With all these differences, it's like Resque in that it comes bundled with a web app (available in the qless gem), and is high-performance.

Interest piqued? Then read on!

Installation

You can install qless-py from source by checking it out from github, and checking out the qless-core submodule:

git clone git://github.com/seomoz/qless-py.git
cd qless-py
# qless-core is a submodule
git submodule init
git submodule update
sudo python setup.py install

Business Time!

You've read this far -- you probably want to write some code now and turn them into jobs. Jobs are described essentially by two pieces of information -- a class and data. The class should have static methods that know how to process this type of job depending on the queue it's in. For those thrown for a loop by this example, it's in refrence to a [South Park](http://en.wikipedia.org/wiki/Gnomes_(South_Park\)) episode with a group of enterprising gnomes set on world domination through three steps: 1) collect underpants, 2) ? 3) profit!

# In gnomes.py
class GnomesJob(object):
	# This would be invoked when a GnomesJob is popped off the 'underpants' queue
	@staticmethod
	def underpants(job):
		# 1) Collect Underpants
		...
		# Complete and advance to the next step, 'unknown'
		job.complete('unknown')
	
	@staticmethod
	def unknown(job):
		# 2) ?
		...
		# Complete and advance to the next step, 'profit'
		job.complete('profit')
	
	@staticmethod
	def profit(job):
		# 3) Profit
		...
		# Complete the job
		job.complete()

This makes it easy to describe how a GnomesJob might move through a pipeline, first in the 'underpants' step, then 'unknown', and lastly 'profit.' Alternatively, you can define a single method process that knows how to complete the job, no matter what queue it was popped from. The above is just meant as a convenience for pipelines:

# Alternative gnomes.py
class GnomesJob(object):
	# This method would be invoked at every stage
	@staticmethod
	def process(job):
		if job['queue'] == 'underpants':
			...
			job.complete('underpants')
		elif job['queue'] == 'unknown':
			...
			job.complete('profit')
		elif job['queue'] == 'profit':
			...
			job.complete()
		else:
			job.fail('unknown-stage', 'What what?')

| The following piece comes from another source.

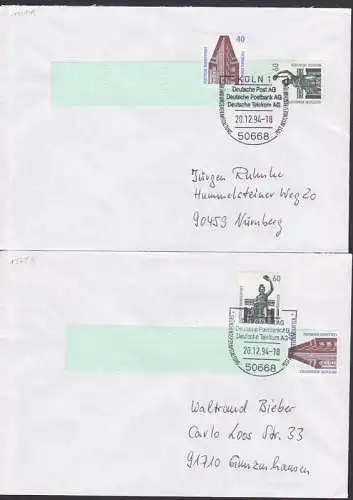 Rollenmarken mit Endstreifen 4 Leerfelder, SSt. Köln Gründungsveranstaltung Post Aktiengesellschaft 20.12.94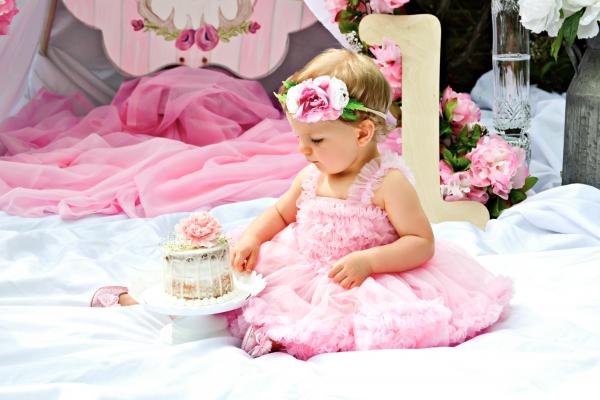 pink occasion baby dress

Jobs have user data associated with them that can be modified as it goes through a pipeline. In general, you should make this data a dictionary, in which case it's accessible through __getitem__ and __setitem__. Otherwise, it's accessible through job.data. For example, you might update the data...

@staticmethod
def underpants(job):
	# Record how many underpants we collected
	job['collected'] = ...

@staticmethod
def unknown(job):
	# Make some decision based on how many we've collected.
	if job['collected'] ...:
		...

Great! With all this in place, let's put them in the queue so that they can get run

import qless
# Connecting to localhost on 6379
client = qless.client()
# Connecting to a remote machine
client = qless.client(host='foo.bar.com', port=1234)

Now, reference a queue, and start putting your gnomes to work:

queue = client.queue('underpants')

import gnomes
for i in range(1000):
	queue.put(gnomes.GnomesJob, {})

By way of a quick note, it's important that your job class can be imported -- you can't create a job class in an interactive prompt, for example. You can add jobs in an interactive prompt, but just can't define new job types.

Running

All that remains is to have workers actually run these jobs. This distribution comes with a script to help with this:

qless-py-worker --queue underpants --queue unknown --queue profit

This script actually forks off several subprocesses that perform the work, and the original process keeps tabs on them to ensure that they are all up and running. In the future, the parent process might also perform other sanity checks, but for the time being, it's just that the process is still alive. You can specify the host and port you want to use for the qless server as well:

qless-py-worker --host foo.bar --port 1234 ...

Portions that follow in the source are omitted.